Well done to your son for working through his fear and getting down the slide. I felt myself cheering for him as I read this part of your post.

Otherwise, I'm very sorry to read about your experience.

I think your experience highlights the need for parents to focus on building confidence and self esteem as they teach their children. This does not come from over abundant and empty praise, but from a slow and steady effort to recognize meaningful accomplishments and allow for opportunities to build on strengths and skills. In a harsh world where we cannot control others' behaviors, we must learn to be resilient, confident, and accepting of ourselves.

When you can, it may be worth it to stand up to some of these other parents and ask them how they could say such unkind things about a child - face-to-face they may be much less bold than hiding behind anonymity to spew cruel comments behind your back. I understand confrontation may be very difficult and it is not your job to educate the world and try to change these people, but it might feel empowering.

Lastly, I would just say to try the best you can to take care of yourself and surround yourself with understanding and loving people that can support you. I know you cannot have that every moment, but especially after an unpleasant experience, maybe you can find a friend or a loved one, who can listen and understand. It cannot feel nice to go through what you have described and addressing and working through your own emotions about it is very important for you and for your son as well.
 
The behavior of people described is inexcusable - because those people walk around imagining that they are good people, despite their actions.

I can not fix other people, but I can watch them and learn, and not be like that myself.

Lao Tzu wrote "What is a good man if not a bad man's teacher? What is a bad man if not a good man's job?"

Learn what not to do, and teach by example. It's the only real hope for a better society.
 
There will be people who do not want to understand your son and won't try.
There will be people who try to understand and fall short.
And there will be people who truly do understand.

- I paraphrased this from other posts I have seen on this site. Someone else here said it first and said it better than I have - maybe they can chime in and provide a better version of this. This has been very helpful for me.

Those people you encountered are of the first group. Yes, NTs do tend to expect normalcy and conformity, but not all of them treat anything outside the norm with such vitriol and hatred. That's their failing - please don't burden yourself by making it your problem. Their opinions only have as much power as you give them.

Focus instead on the worth you know that your son has to you and your family and friends. Learn that worth is intrinsic - it does not depend on abilities, achievements, milestones, or any outward performances. Individual worth cannot be set by others. You will have to have this down well enough to teach your son the same thing, someday, when he asks why others treat him differently.

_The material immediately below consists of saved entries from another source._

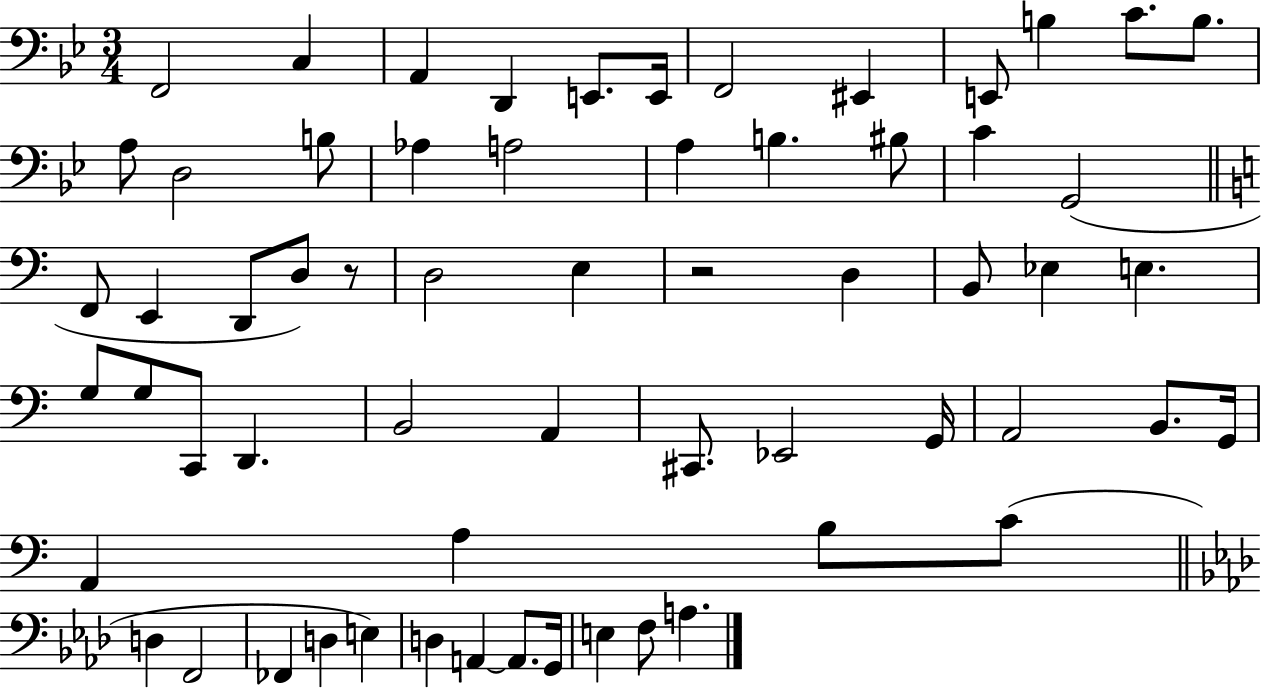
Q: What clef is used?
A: bass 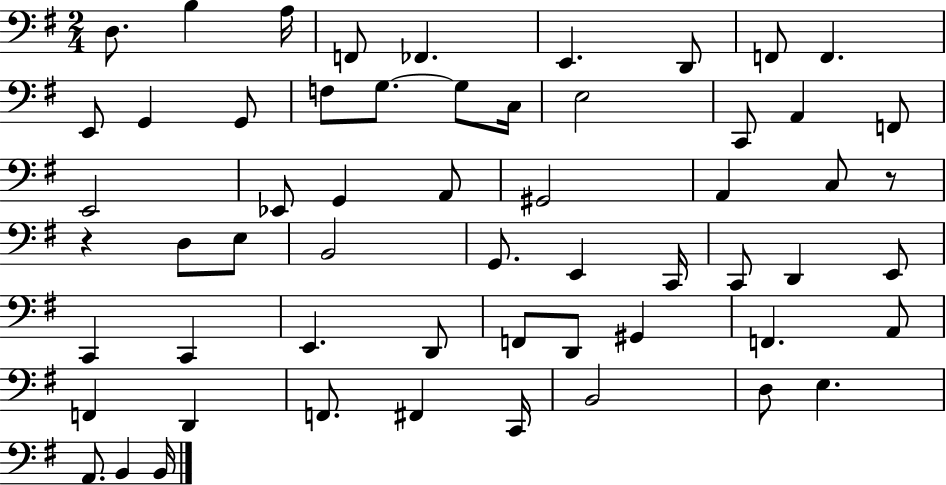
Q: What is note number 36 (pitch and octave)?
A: E2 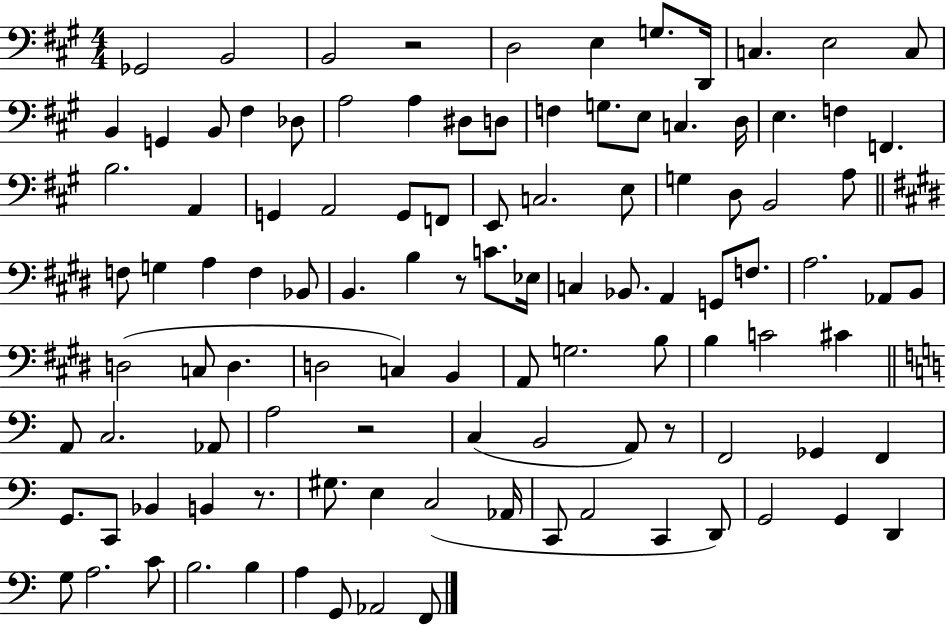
X:1
T:Untitled
M:4/4
L:1/4
K:A
_G,,2 B,,2 B,,2 z2 D,2 E, G,/2 D,,/4 C, E,2 C,/2 B,, G,, B,,/2 ^F, _D,/2 A,2 A, ^D,/2 D,/2 F, G,/2 E,/2 C, D,/4 E, F, F,, B,2 A,, G,, A,,2 G,,/2 F,,/2 E,,/2 C,2 E,/2 G, D,/2 B,,2 A,/2 F,/2 G, A, F, _B,,/2 B,, B, z/2 C/2 _E,/4 C, _B,,/2 A,, G,,/2 F,/2 A,2 _A,,/2 B,,/2 D,2 C,/2 D, D,2 C, B,, A,,/2 G,2 B,/2 B, C2 ^C A,,/2 C,2 _A,,/2 A,2 z2 C, B,,2 A,,/2 z/2 F,,2 _G,, F,, G,,/2 C,,/2 _B,, B,, z/2 ^G,/2 E, C,2 _A,,/4 C,,/2 A,,2 C,, D,,/2 G,,2 G,, D,, G,/2 A,2 C/2 B,2 B, A, G,,/2 _A,,2 F,,/2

Is there someone you can invite on a play date with your son who does accept him and play well with him? Sometimes one good example is enough to draw some positive behavior out of anyone from the second group, above.
 
I'm not a parent either but have been an autistic child. People seem to missread our every intention. People often will start out friendly and then just a couple sentences into a conversation get a deer in the headlights expression excuse themselves and try to avoid me ever after.🤷‍♀️ I think I may have found out one of the things that bothers people a couple years ago. I was talking to someone and a red leaf on an otherwise green tree caught my eye. The woman demanded to know what I saw and was relieved when she was told. Apparently she thought the sudden gaze shift was due to hallucinations so now I realize that others probably frequently misinterpret my detail oriented vision combined with visual pattern recognition as being behavior from hallucinations simply because they do not even notice these details much less automatically laser in on them with their eyes.